Aquilo não era comparável ao passo instantâneo de antes; embora estivesse ali ao lado, sob o olhar atento da jovem ladra, Elsa sumiu sem ruído, como se jamais tivesse estado ali.

No local onde ela estivera, apareceu uma flecha de madeira, que saltitou algumas vezes antes de cair ao chão.

Sem ponta de ferro, e disparada com pouca força, a flecha bateu numa pedra e ricocheteou, em vez de se cravar no solo.

A jovem ladra ergueu o olhar e viu, de cima da torre de vigia do acampamento, uma figura envolta por um manto, de postura altiva.

Do seu ângulo, essa figura alinhava-se perfeitamente com a lua no céu; devido à luz intensa, a sombra projetava-se sobre a jovem ladra, tornando a silhueta escura e indistinta.

Elsa desaparecera no instante em que a lua foi coberta pelas nuvens e o silêncio reinou absoluto.

A flecha de Laísa surgiu assim que a lua voltou a brilhar por entre as nuvens.

Uma sequência quase coreografada.

A primeira flecha não visava ferir, mas declarar guerra; por isso, Laísa esperou. Contudo, ficou surpresa ao perceber que Elsa a detectara antes.

Elsa, nas sombras, e Laísa, sob o luar, ficaram frente a frente, ambas cientes de que aquele confronto seria breve, mas carregado de ressentimentos pessoais.

Restou apenas a jovem ladra, sem compreender o que se passava, parada no mesmo lugar, um tanto perdida.

Ela já tinha visto Laísa na taberna, mas agora, com o manto e no centro da luz lunar, não conseguia reconhecê-la.

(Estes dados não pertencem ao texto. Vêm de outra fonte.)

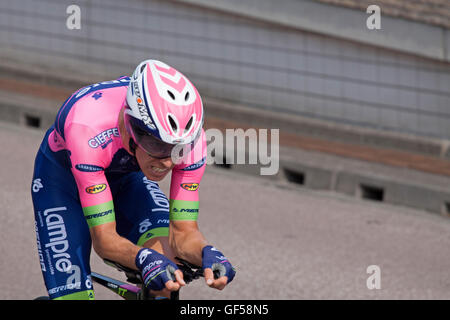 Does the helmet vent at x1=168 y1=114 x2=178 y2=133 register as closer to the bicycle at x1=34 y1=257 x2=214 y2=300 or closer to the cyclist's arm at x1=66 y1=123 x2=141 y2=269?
the cyclist's arm at x1=66 y1=123 x2=141 y2=269

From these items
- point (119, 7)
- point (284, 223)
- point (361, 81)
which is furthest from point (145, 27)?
point (284, 223)

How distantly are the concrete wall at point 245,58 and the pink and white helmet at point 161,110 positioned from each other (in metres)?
7.58

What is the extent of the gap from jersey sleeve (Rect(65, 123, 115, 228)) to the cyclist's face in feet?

Isso não lhe impedia, porém, de perceber que aquela figura silenciosa na torre era alguém cujo nível de poder ela jamais alcançaria.

E parecia que aquela mulher iria lutar com Elsa; apesar disso, não transmitia a impressão de serem inimigas mortais.

Nada disso importava, contudo; o vento frio a fazia corar, e a jovem ladra tapou a boca, receando que sua respiração ofegante, de tão emocionada, pudesse interferir naquele duelo.

Ela sabia, com clareza, que talvez nunca mais em sua vida voltasse a presenciar um combate de tal calibre.